Alberta tables prompt pay bill for construction contractors, limiting pay deadlines
EDMONTON -- Alberta is hoping to bring prompt pay legislation to its construction industry by July 2021.
Service Alberta Minister Nate Glubish tabled a bill in the legislature on Wednesday that would set a 28-day deadline for contractors to make their payments, ban “pay when paid” clauses, and extend the time contractors have to file liens if they are not paid on time.
“I can attest unpaid invoices for good work has arisen. Not often, but it has. It directly and negatively affects our bottom line, and it could potentially trickle down to unpaid subcontractors. This in turn, affects thousands of hard-working Albertan men and women,” Elaine Coates, with Calgary Women in Construction, told media.
As an owner and operator of a vacuum company that has worked with numerous builders over the years, she said change had never been more crucial or timely.
“The words on the current bill don’t identify the struggles that we construction people actually feel. They don’t reflect the widespread impact on related centres as well. It all filters down to affect the economy, no matter how minute it may seem in each situation.”
Glubish’s Bill 37, which would amend the Builders’ Lien Act, would also see government appoint adjudicators to handle non-compliance disputes, which he said would be faster and cheaper than going through the courts.
“Should it move forward, then as we flush out those legislations, in consultation with industry, then I will work with the industry to identify interested candidates to apply for those roles, and it will be my job to make sure it’s the best people possible to do the job.”
The bill was modelled after Ontario’s, Glubish said, with a difference.
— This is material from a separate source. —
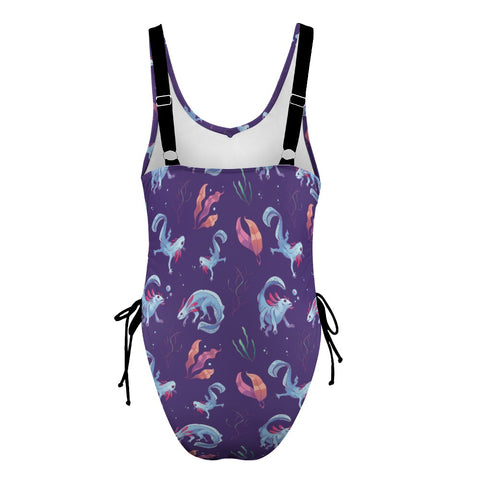 Axolotl-Women's-One-Piece-Swimsuit-Dark-Purple-Product-Back-View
“What we will be doing that is different from Ontario is we will be having the ability to appoint more than one of these adjudicating bodies allowing for competition in the system, ensuring that Albertans can count on having the best rates, the best service, and timely adjudication.”
Frederick Vine, the chair of the Alberta Construction Association, said the group would apply to be one of the dispute resolution authorities and that it was looking forward to helping government develop the regulations.